Aymen Hussein comemorando um gol com a camisa da seleção do Iraque
Imagem: Divulgação / Reprodução

Aymen Hussein, centroavante da seleção do Iraque, foi o autor do gol do país na estreia da Copa do Mundo de 2026 e vive uma trajetória marcada por perdas, violência e um incidente de segurança que quase lhe impediu de jogar. O atacante, que se destacou ao garantir a vaga do Iraque na repescagem, foi detido por cerca de sete horas ao chegar ao Aeroporto Internacional O’Hare, em Chicago, segundo relatos da imprensa iraquiana. As autoridades de imigração o submeteram a longo interrogatório antes de liberá‑lo para se juntar à delegação. Hussein carrega ainda o trauma de ter perdido o pai, assassinado pelo grupo Al Qaeda, e de ter um irmão sequestrado pelo Estado Islâmico.

Detenção em Chicago e rotina de seleção

O episódio em O’Hare deixou a delegação preocupada: autoridades locais teriam confundido Hussein com outro cidadão iraquiano durante os procedimentos de verificação, o que motivou o interrogatório prolongado. Depois da liberação, o atacante seguiu para os treinos e entrou em campo na estreia do Mundial, mostrando profissionalismo apesar do desgaste. A história da detenção viralizou entre torcedores e lembranças de abusos que muitos jogadores de países em conflito já enfrentaram. Para a equipe técnica, a prioridade foi recuperar o jogador fisicamente e mentalmente para as partidas seguintes.

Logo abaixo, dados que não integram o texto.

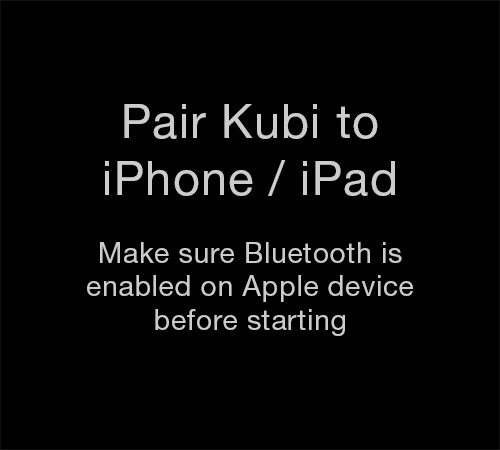Kubi Connect App for iPad / iPhone screen Intro: Start Screen for Apple App instructions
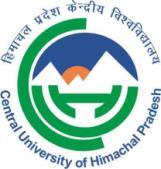 2 10 Central University of Himachal Pradesh (ESTABLISHED UNDER CENTRAL UNIVERSITIES ACT 2009) PO Box: 21, Dharamshala, Himachal Pradesh-176215 COE/2-3/CUHP/2018 DATED: 15.06.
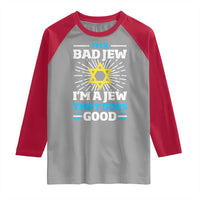 Funny Jewish Raglan Shirt I Am A Bad Jew I Am A Jew That Does Good - Wonder Print Shop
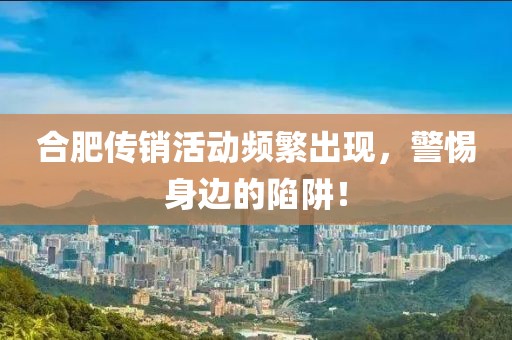 合肥傳銷活動頻繁出現(xiàn)，警惕身邊的陷阱！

Histórico e significado esportivo

A trajetória de Hussein é parte central da narrativa do Iraque neste Mundial: o país voltou à Copa do Mundo após quatro décadas, e o centroavante é o principal nome dessa retomada. Artilheiro da seleção com 34 gols, Hussein marcou o gol decisivo na repescagem intercontinental, na vitória por 2 a 1 sobre a Bolívia, resultado que carimbou o retorno iraquiano à competição após 1986. Esse contexto transforma cada atuação do atacante em algo além do resultado: é a representação de uma seleção que superou crises e instabilidade para voltar ao mapa do futebol mundial. Para torcedores no Brasil, acostumados às histórias de superação que se desenrolam no Maracanã e em outros palcos, a presença do Iraque reforça a diversidade e a emoção do torneio.

O jogo contra a Noruega

Na estreia, Hussein abriu o placar com um gol que embalou a festa da sua torcida e mostrou que o jogador consegue transformar dor em rendimento dentro de campo. Pouco depois, Erling Haaland, atacante do Manchester City, aproveitou uma falha do goleiro iraquiano para igualar o placar, reenquadrando a partida em termos de favoritismo. O confronto expôs a capacidade de reação da seleção europeia e a resiliência do Iraque diante de adversidades dentro e fora das quatro linhas. No fim, a atuação do centroavante iraquiano foi celebrada como um capítulo importante da campanha do país na Copa.